Assigned task >> Repeat the records below exactly. Omit the pictures.
-- Opening Marker --
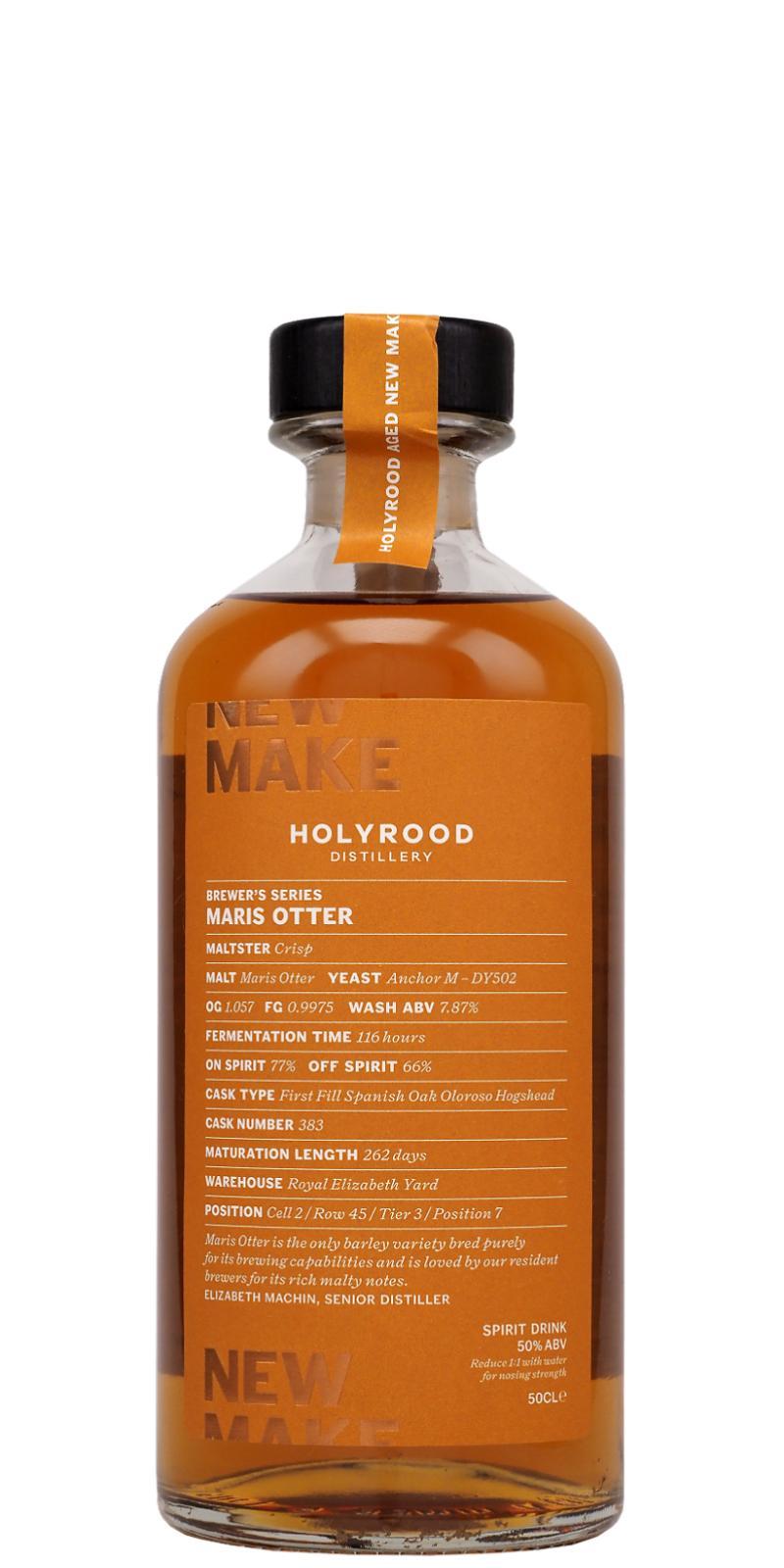 Holyrood Maris Otter - New Make  Brewers' Series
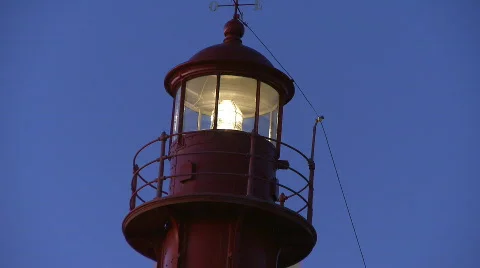 Lighthouse lighted by night Video stock 310454
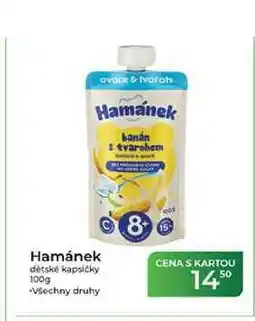 Tamda Foods Hamánek dětské kapsičky nabídka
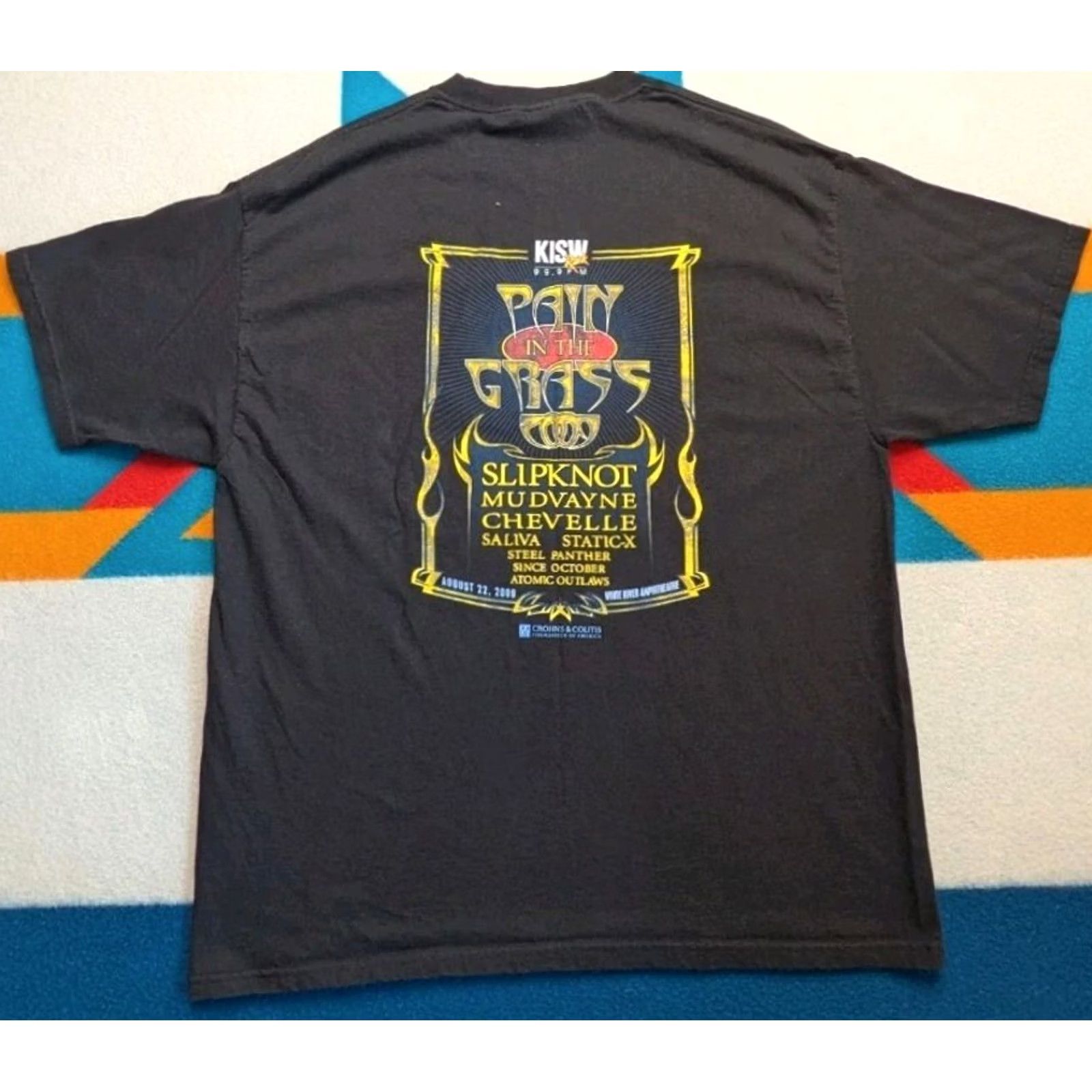 Port & Company VINTAGE KISW Pain In The Grass Shirt Seattle Music Festival Slipknot Mudvayne XL Size US XL / EU 56 / 4 - 2 Thumbnail
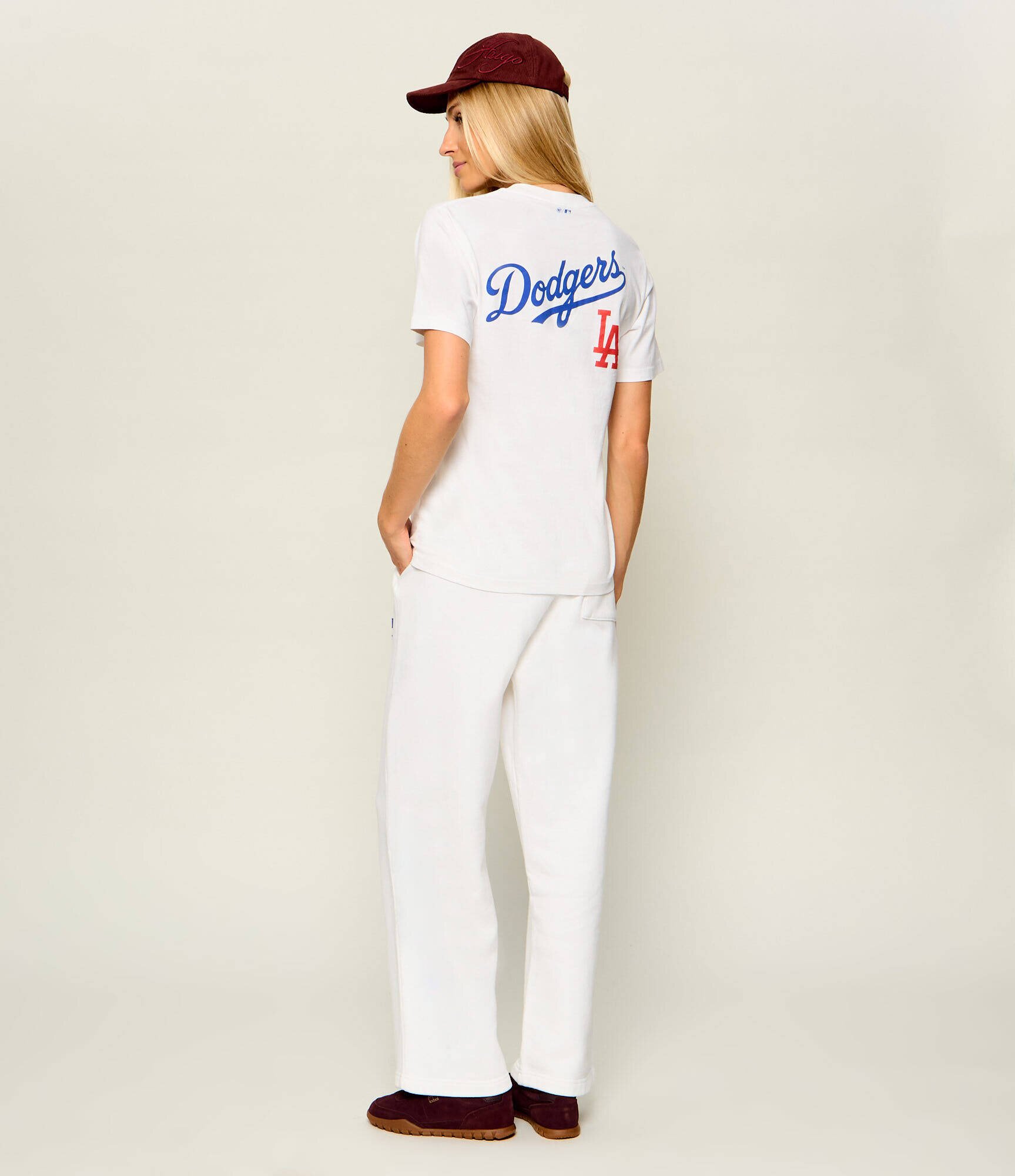 Sporty&Rich Tricou Dodgers Serif | regular fit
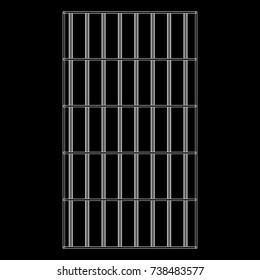 Wireframe prison bars . Cage connected concept Vector illustration.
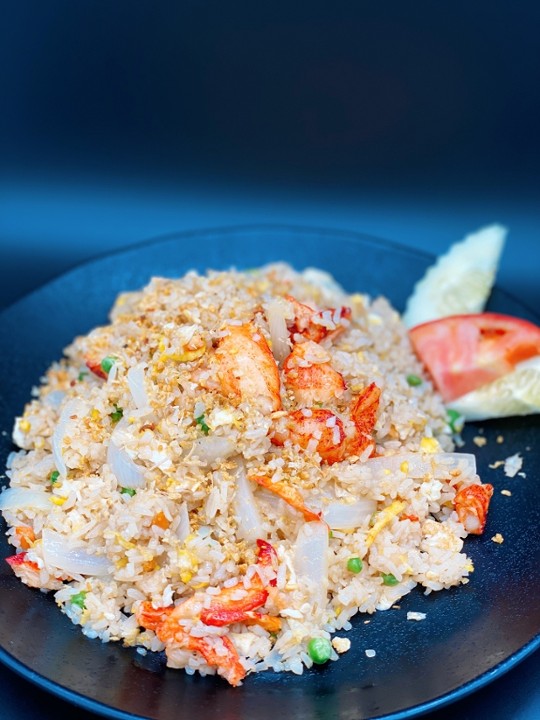 NEW! LOBSTER FRIED RICE (Fresh shucked Maine Lobster)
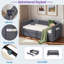 Lit de jour rembourré avec couchette, port USB et poches latérales-888516245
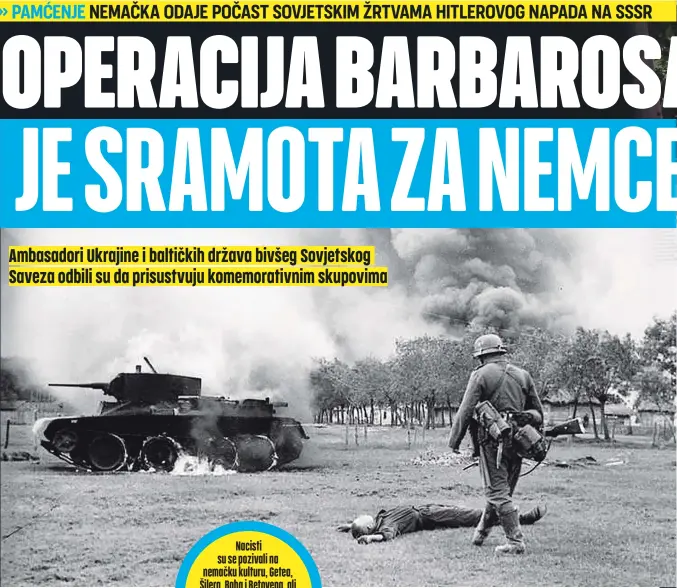  ??  ?? Nacisti su se pozivali na nemačku kulturu, Getea, Šilera, Baha i Betovena, ali su zapravo oskrnavili čitavu civilizaci­ju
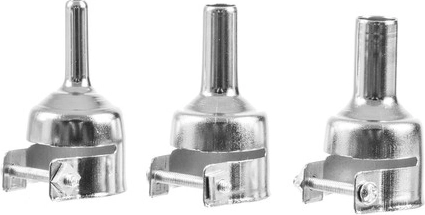 3 interchangeable nozzles for targeted airflow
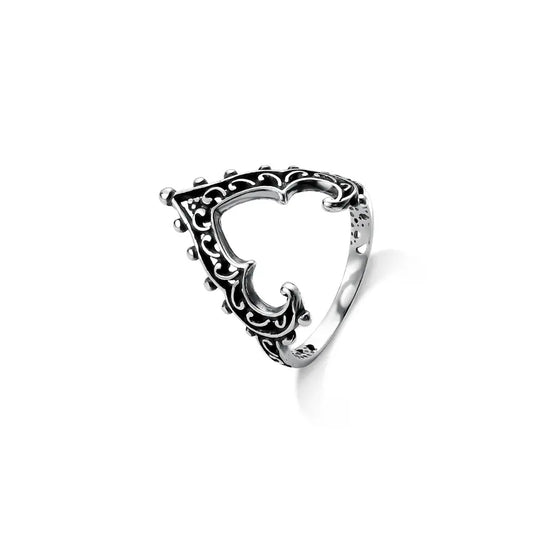 Bali style chevron ring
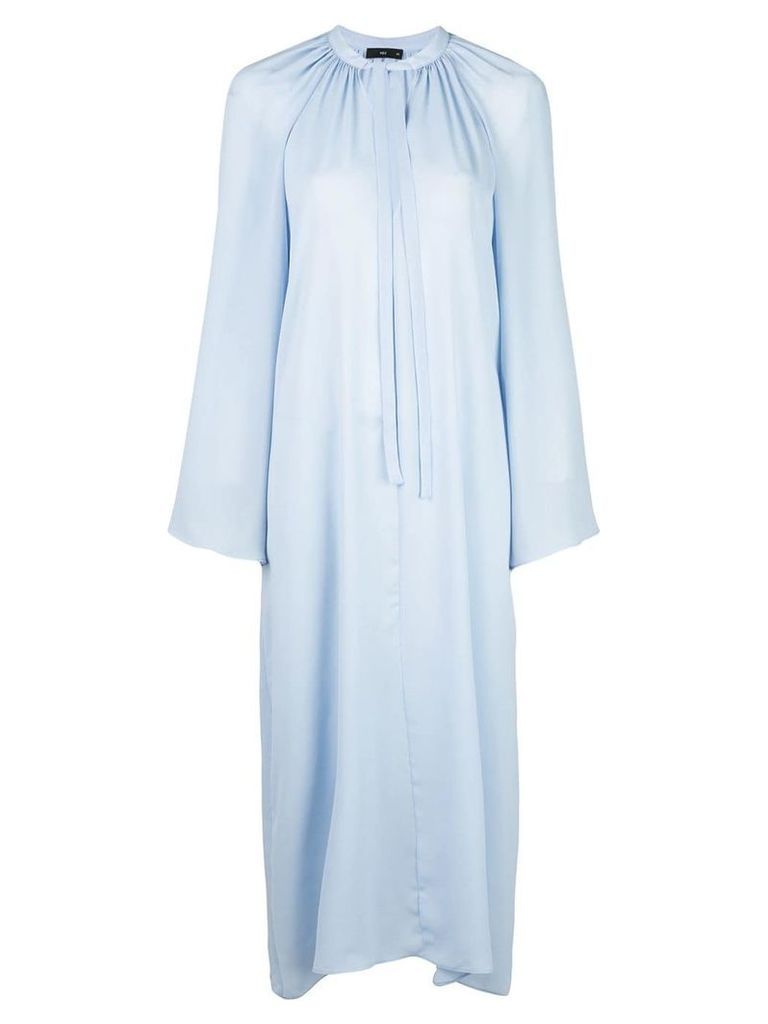 Voz long-sleeve flared dress - Blue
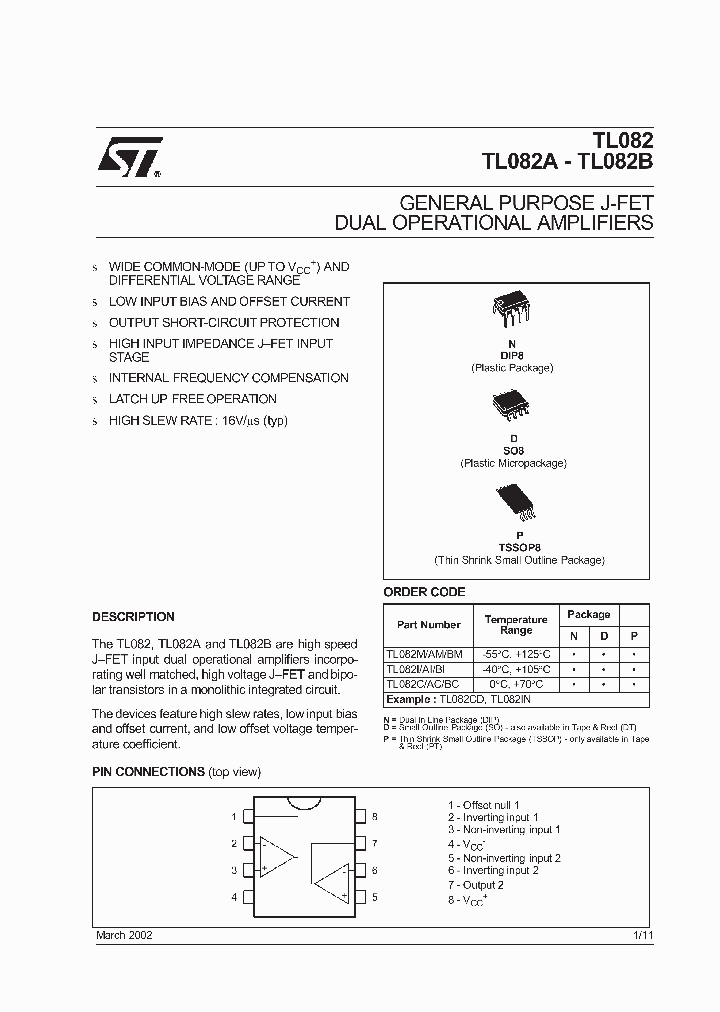 TL082_252994.PDF Datasheet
-- Closing Marker --
Expected output >>
 Holyrood Maris Otter - New Make  Brewers' Series
 Lighthouse lighted by night Video stock 310454
 Tamda Foods Hamánek dětské kapsičky nabídka
 Port & Company VINTAGE KISW Pain In The Grass Shirt Seattle Music Festival Slipknot Mudvayne XL Size US XL / EU 56 / 4 - 2 Thumbnail
 Sporty&Rich Tricou Dodgers Serif | regular fit
 Wireframe prison bars . Cage connected concept Vector illustration.
 NEW! LOBSTER FRIED RICE (Fresh shucked Maine Lobster)
 Lit de jour rembourré avec couchette, port USB et poches latérales-888516245
  ??  ?? Nacisti su se pozivali na nemačku kulturu, Getea, Šilera, Baha i Betovena, ali su zapravo oskrnavili čitavu civilizaci­ju
 3 interchangeable nozzles for targeted airflow
 Bali style chevron ring
 Voz long-sleeve flared dress - Blue
 TL082_252994.PDF Datasheet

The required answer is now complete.